Does Darius Jackson Have A “Puncher’s Chance” Of Landing On Final Roster?
Remember Darius Jackson?
The sixth round running back was an instant fan favorite of Cowboys Nation, as the fanbase hoped Dallas had found the explosive RB2 behind Ezekiel Elliott they needed in the very same draft. Jackson, however, had an up-and-down preseason in 2016 and ended up being waived from the team to make room for Darren McFadden later in the year.
Jackson has bounced around the league a bit since then, joining both the Cleveland Browns and Green Bay Packers at different points. He's back with the Cowboys, however, looking to fight his way onto the team's final roster.
But does the fourth year running back have more than a puncher's chance to do so?
The Cowboys spent much of the 2019 NFL Draft rebuilding their running back depth. First, they drafted Memphis back Tony Pollard hoping to find a versatile and dynamic threat to compliment the workhorse that is Ezekiel Elliott. Then, in the seventh round, Dallas took another Ohio State running back in Mike Weber who fits more of the "traditional" running back form.
So with two new touted rookies behind the veteran Elliott, and fullback Jamize Olawale more than likely having a roster spot as well, there doesn't seem to be room for Darius Jackson on the Dallas Cowboys.

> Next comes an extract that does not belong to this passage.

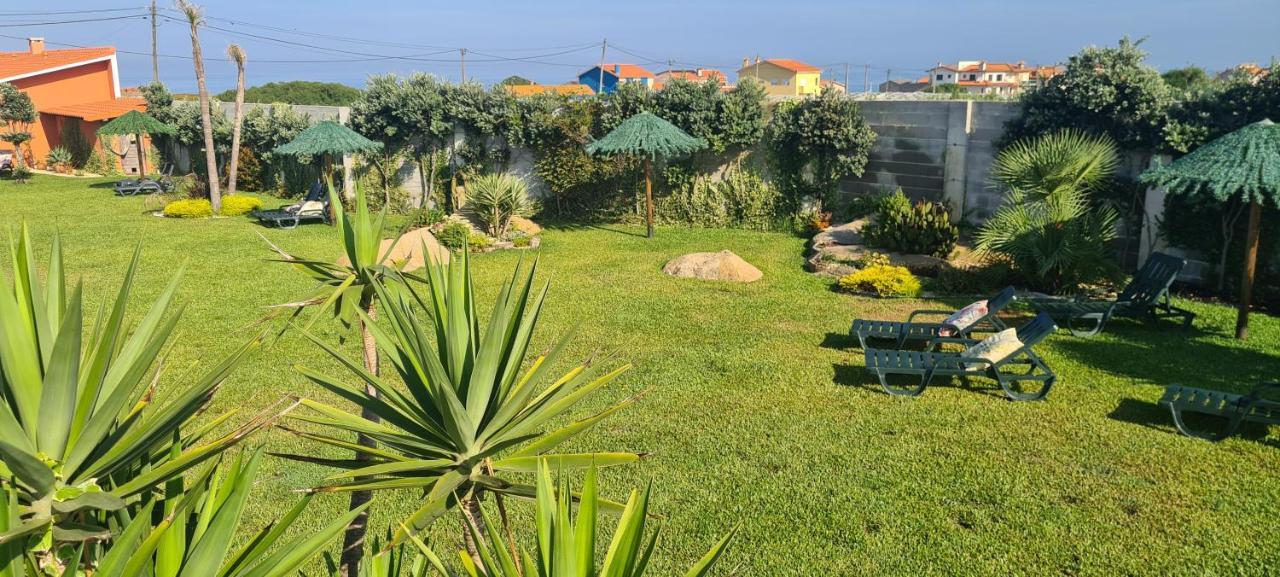Hollidays Dreams Villa Povoa de Varzim Luaran gambar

That didn't stop him from competing at OTAs, however. DallasCowboys.com named Darius Jackson one of their top ten "head turners" from the OTA practices, and considering that Mike Weber is banged up at the moment, Jackson will certainly have his opportunities to fight for that spot.
Still, the odds suggest that Darius Jackson will not be with the Cowboys come the Fall of 2019. Though he entered the league with some fanfare for a day three pick, his production has been more fitting of his draft grade than of his fan hype.
Jackson hasn't been the explosive player/receiving back that they're hoping Tony Pollard will be, nor has he been the every-down type backup runner that they seem to hope Mike Weber will be.
In the end, the Cowboys-Darius Jackson story is likely to close during this year's training camp.